What Is A Data Scientist

During this year’s IOUG Leadership Summit we discussed the evolving role of two key new roles, that of the DBA Operator (known for many years as a Production DBA – the one responsible for ”keeping the lights on” but usually cannot alter program code or make  modifications to existing structures), and the emergence of the modern Data Scientist.

40 years ago when John Tukey, a pioneering statistician, coded the PRIM-9 program (Picturing, Rotation, Isolation, and Masking of data in up to 9 dimensions) on an IBM 360/91, the data scientist was a statistician good at working with computers to figure out how data populations sorted according to the familiar bell curve of normal distributions.
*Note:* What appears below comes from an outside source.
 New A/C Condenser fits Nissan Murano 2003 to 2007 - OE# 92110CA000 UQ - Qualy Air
As computing power increased, the ability to generate more than statistical inferences about data emerged, and in 2001 William Cleveland coined the term “data science” referring to the analysis of patterns and trends found by looking at the various groups and re-combinations of various statistical results.

DJ Patil, a scientist at LinkedIn back in 2009, when the company was first emerging in the infantile social media space, thought about how the whole field was missing a simple job description, comparing data engineers to how the character of Mr. Spock (the Science Officer) often was left out of tactical decision-making on Star Trek: TOS episodes.  Patil decided that the term “Data Scientist” could mean something broader when other job descriptors such as “analyst”, “research technician”, and “business intelligence” didn’t properly define the emerging role of taking petabytes worth of data and developing inferential explanations of what the data really meant, as opposed to simply measuring statistical endpoints within large data sets. But those kinds of Data Scientists simply didn’t exist yet. And thus organizations like Kaggle were created to collect and focus like-minded individuals with the capacity to deal with huge data on a solution-seeking basis.
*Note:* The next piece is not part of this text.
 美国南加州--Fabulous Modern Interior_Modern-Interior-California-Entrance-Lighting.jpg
Cooperatives, such as Kaggle, emerged by specializing in conducting predictive modeling competitions. Companies, governments, and researchers present data sets and problems which are matched with the world’s best data scientists who then compete to produce the best solutions. At the end of a competition, the competition host pays prize money in exchange for the intellectual property behind the winning model. This form of intellectual interaction normalizes the playfield between the data science wunderkinds and the highly-credentialed post-doctoral engineers whom all vie for the right to claim the title of “best data solution.”

Big Data at Work

O’Reilly Publishing in its “Big Data Now” primer on such topics has author, Mike Loukides defining the term “data science” for us. As the world is filled with data-driven applications, having a database and middleware to transform and present it to us, it is the value of the data itself, and the byproduct data created from the evaluation process that becomes the “science” in Data Science.  Once the data provides a solution set, it becomes transformed into a data product or a set of information with intrinsic value beyond the original data upon which it is based.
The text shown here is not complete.